» **HOW TO COMPLETE THIS TASK**:
Please restate word for word the lines of the entries below from the one with "Pink Patterned Belt with Decorative Buckle" to the one with "Summer High Low", inclusive, and leave out every picture.

» **EXERCISE MATERIAL**:
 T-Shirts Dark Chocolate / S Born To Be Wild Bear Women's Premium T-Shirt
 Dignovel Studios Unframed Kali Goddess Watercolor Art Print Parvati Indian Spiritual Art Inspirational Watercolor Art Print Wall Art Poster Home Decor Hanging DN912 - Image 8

--

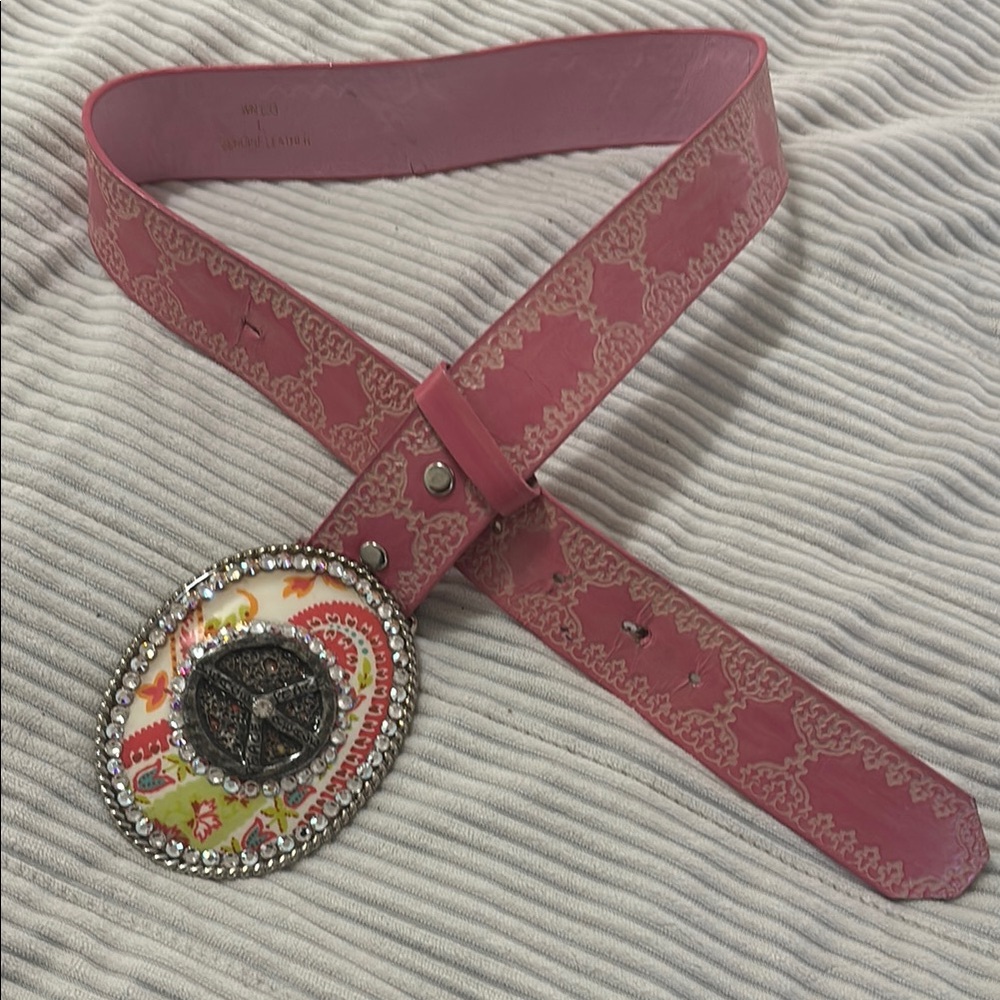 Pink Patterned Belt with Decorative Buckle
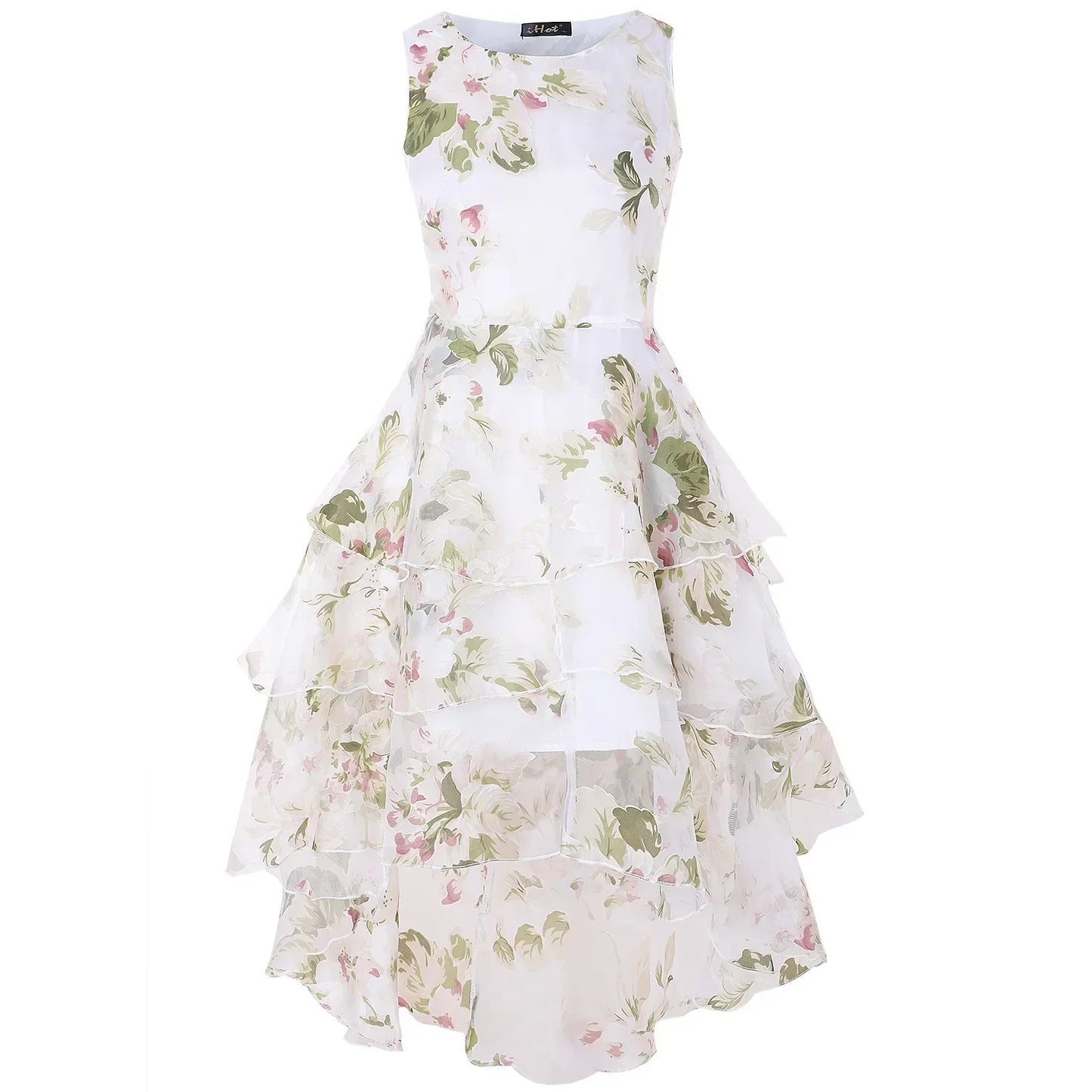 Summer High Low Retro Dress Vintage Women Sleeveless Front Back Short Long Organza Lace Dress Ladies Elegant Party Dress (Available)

» **ANSWER SPACE**:
 Pink Patterned Belt with Decorative Buckle
 Summer High Low Retro Dress Vintage Women Sleeveless Front Back Short Long Organza Lace Dress Ladies Elegant Party Dress (Available)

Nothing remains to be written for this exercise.